Softer measures neglected

It is important that, in targeting harder counterterrorism measures, softer measures are not neglected. According to the Institute for Economics and Peace, deradicalisation programmes have had ‘limited success’. Deradicalisation programmes are allegedly abused by some detainees in order to reduce their sentence. Consequently, repeat offences are common. The perpetrator behind the January 2016 Jakarta attack, Bahrun Naim, was already a convicted terrorist but was somehow released and subsequently went on to mastermind that attack.

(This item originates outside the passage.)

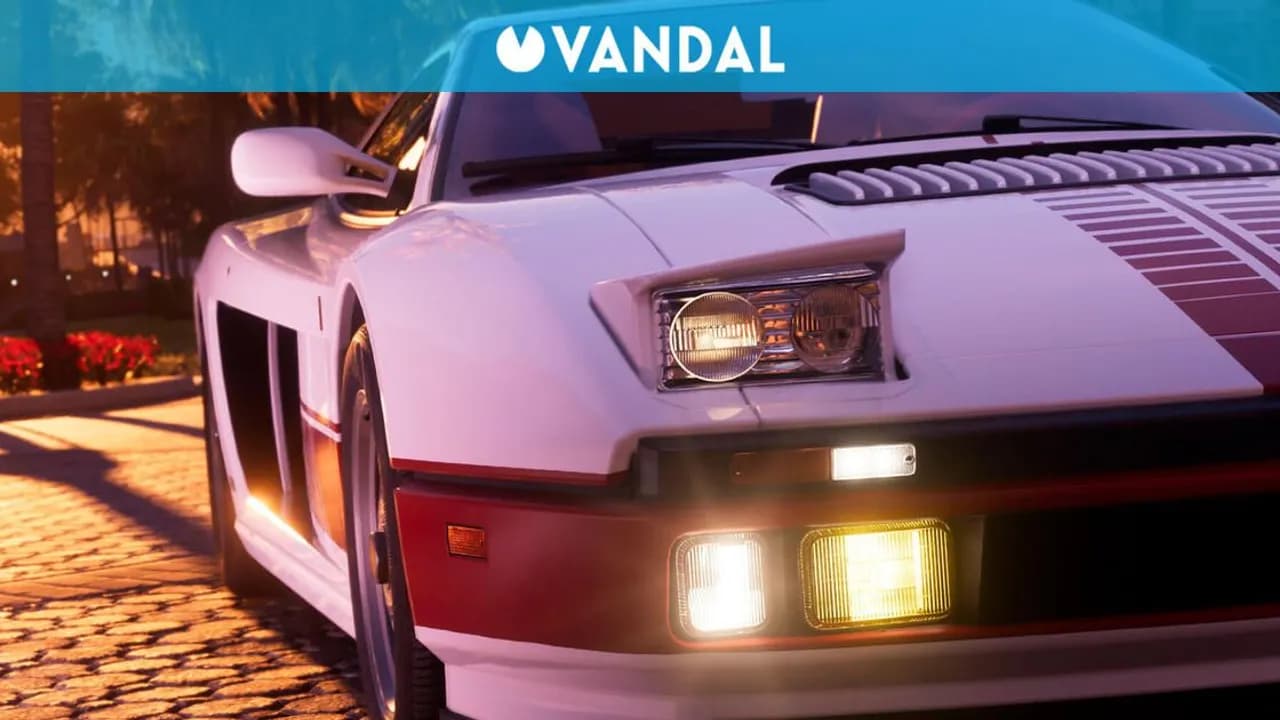 GTA 6 Will Have Uber-Style Fast Travel: Rockstar Puts Its Own Spin on a Classic
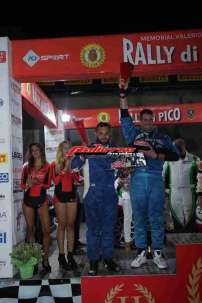 39° Rally di Pico 2017  - 0W4A6188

The problem of prison recruitment remains critical. As J.C. Liow states, ‘corruption, incompetence, poor monitoring, and poor supervision of visits’ have contributed to the ease with which radical ideologies spread and consolidate within prison institutions. Effective monitoring of released convicts has also been neglected. This surprises Jawaid, considering the likelihood that a lack of economic opportunities and limited skill-sets will push convicts back to jihadism.

Immediate risks remain

Pushing through new anti-terror legislation quickly and efficiently requires immense political will, but it is likely to be approved. The legislation will only come into effect in September, though some officials are hoping that it is implemented sooner. This is certainly in the national interest; over the coming months, Indonesian militants will likely return from Marawi, battle-hardened and with combat experience. This is a time for authorities to be extra-vigilant. Admittedly, for a country of its size, Indonesia has done remarkably well to prevent extremist violence planned by large militant groups. But it is vulnerable to occasional small-scale ‘lone wolf’ attacks – any one of which has the potential to cause mass casualties. According to Jonathan Tepperman, Indonesia’s counterterrorism programme has worked ‘through luck as much as skill and improvisation as much as strategy’. It remains to be seen whether the proposed changes will improve upon this already successful formula.
  Alexander Macleod is a doctoral researcher at Newcastle University with a focus on Southeast Asian politics and geography. Article as appears on Global Risk Insights: This column does not necessarily reflect the opinion of the editorial board or Frontera and its owners.